§ What is required:
Retype all entries exactly as they stand, excluding pictures.

[Records from a collection]
════════════════════
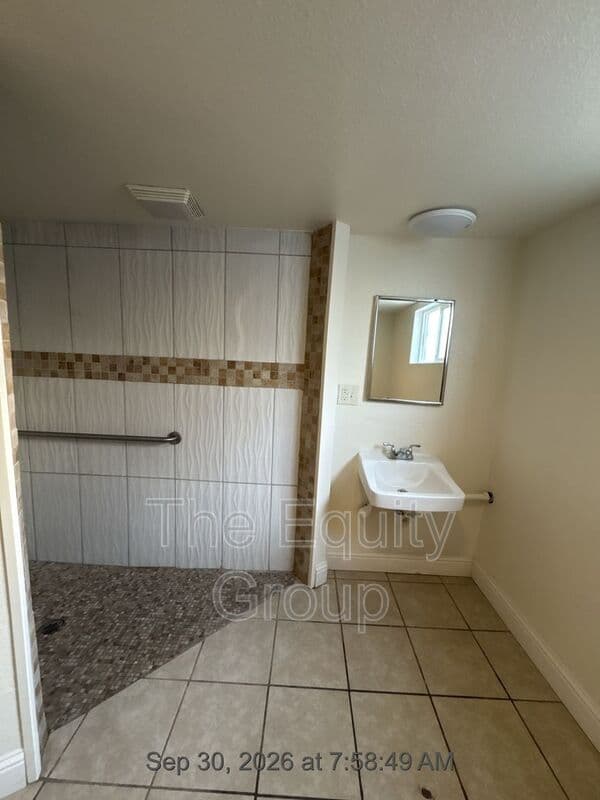 Visalia Condo: 32606 Road 124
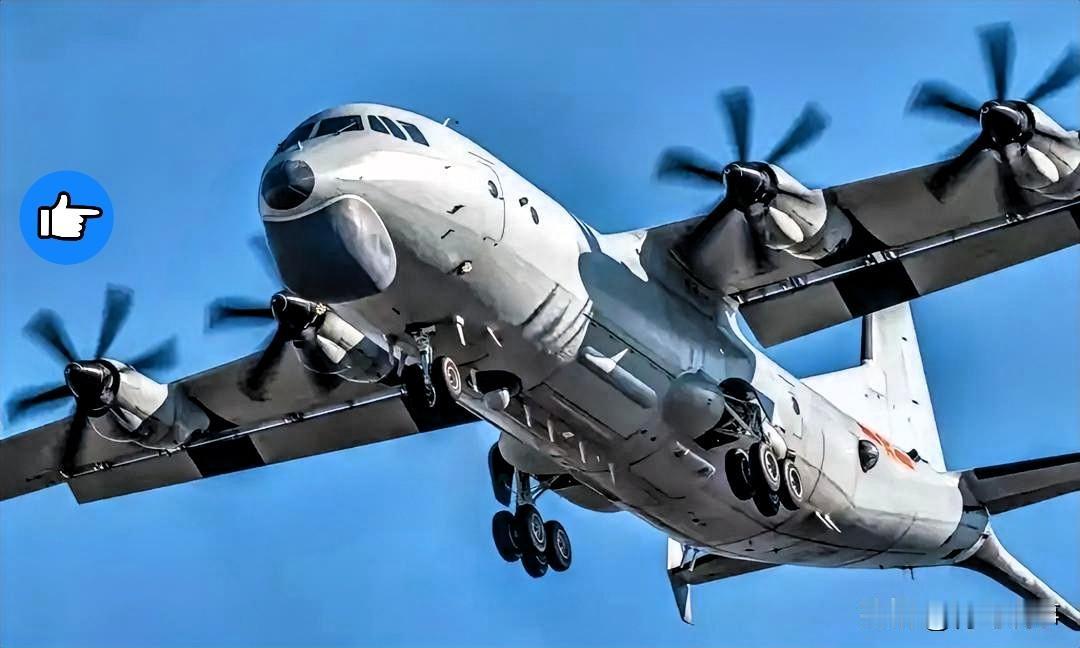 根据中国国防部的消息，12月3日下午，东部战区一架运-8反潜巡逻机在东海例行巡逻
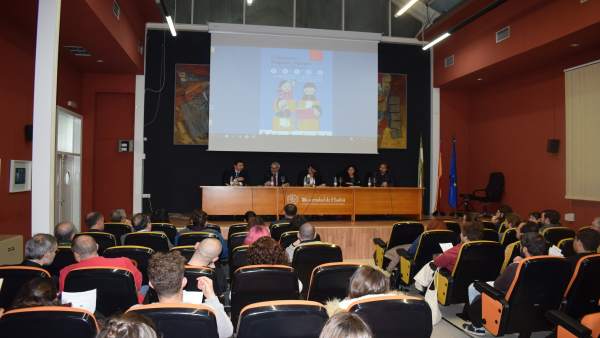 Simposio Hispano Portugués en la Universidad de Huelva. Simposio Hispano Portugués en la Universidad de Huelva.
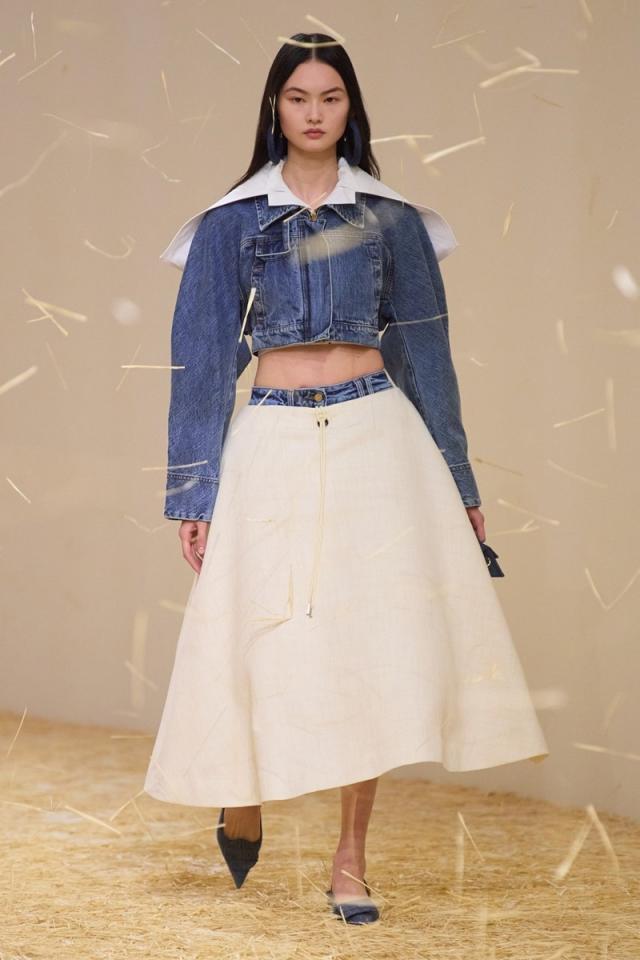 Jacquemus “LE RAPHIA” Spring/Summer 2023 Runway Show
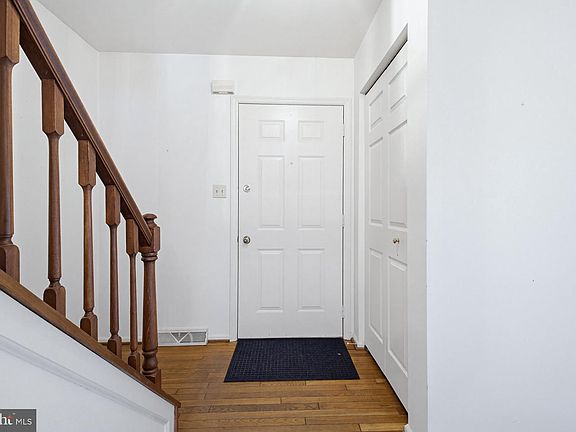 3rd image of 77 Rockford Rd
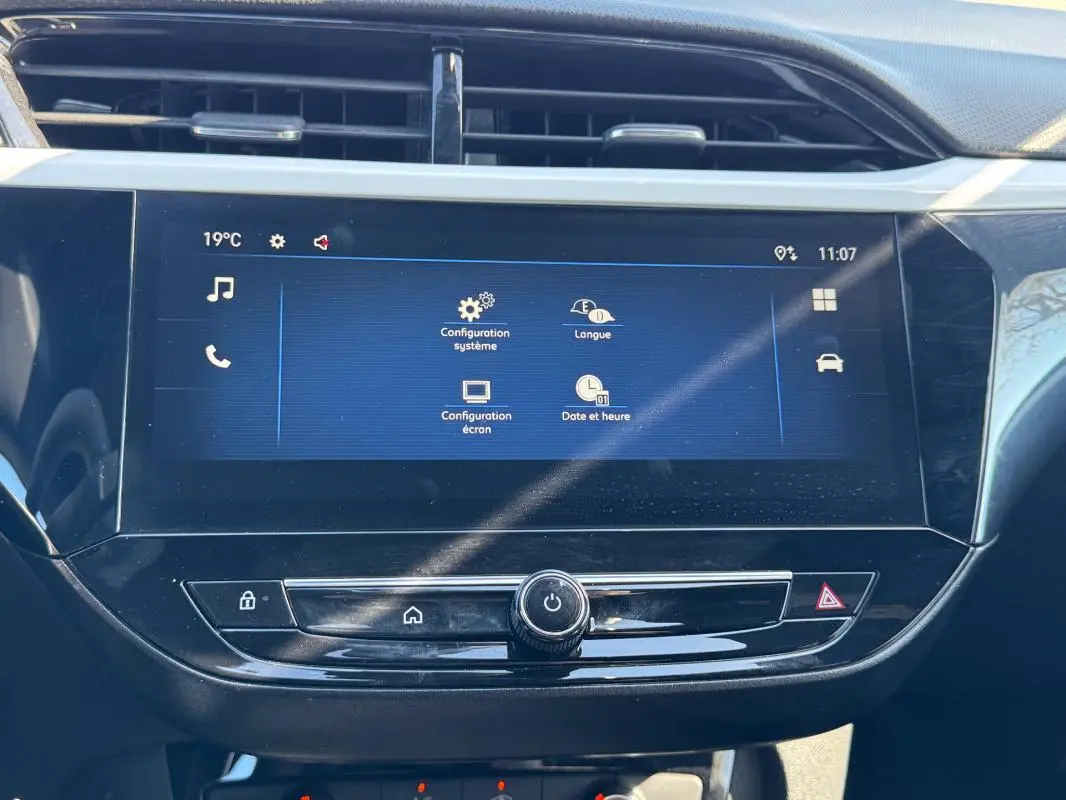Écran tactile central de l’Opel Corsa 2025 affichant les réglages système, vu de face dans l’habitacle.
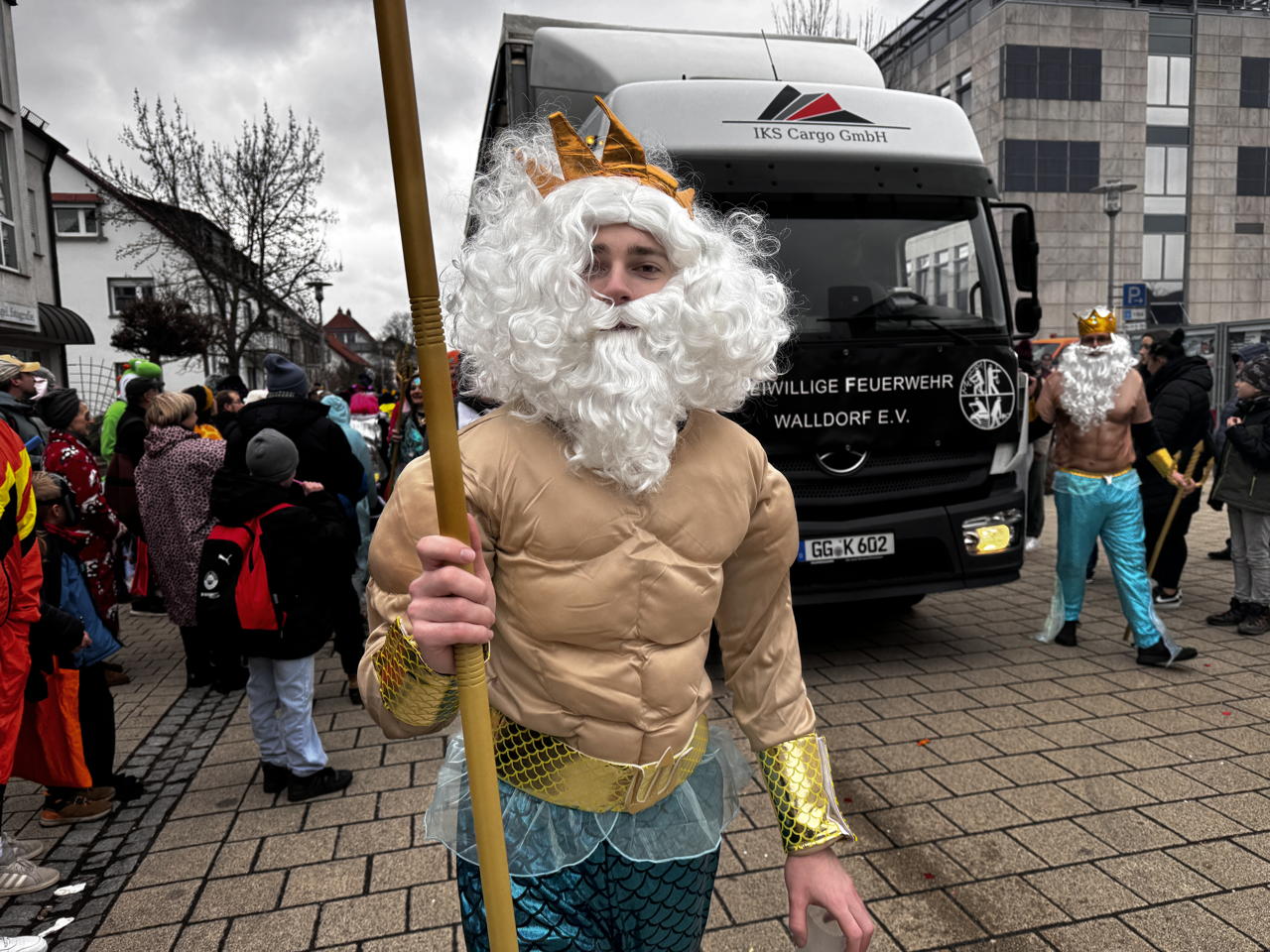 Helau Walldorfer Fastnachtsumzug närischer Lindwurm kleine und große Narren am Rathaus im Stadtteil Walldorf 2026
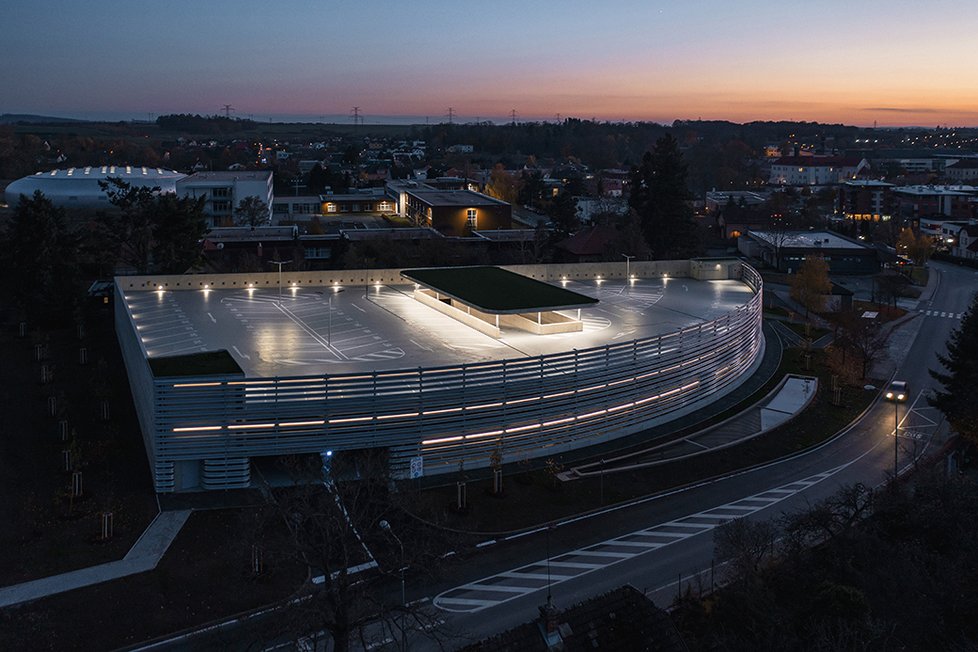 V Dolních Břežanech mají nový parkovací dům, který navrhl slavná architekt Zdeněk Fránek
════════════════════
§ Exercise solution:
 Visalia Condo: 32606 Road 124
 根据中国国防部的消息，12月3日下午，东部战区一架运-8反潜巡逻机在东海例行巡逻
 Simposio Hispano Portugués en la Universidad de Huelva. Simposio Hispano Portugués en la Universidad de Huelva.
 Jacquemus “LE RAPHIA” Spring/Summer 2023 Runway Show
 3rd image of 77 Rockford Rd
Écran tactile central de l’Opel Corsa 2025 affichant les réglages système, vu de face dans l’habitacle.
 Helau Walldorfer Fastnachtsumzug närischer Lindwurm kleine und große Narren am Rathaus im Stadtteil Walldorf 2026
 V Dolních Břežanech mají nový parkovací dům, který navrhl slavná architekt Zdeněk Fránek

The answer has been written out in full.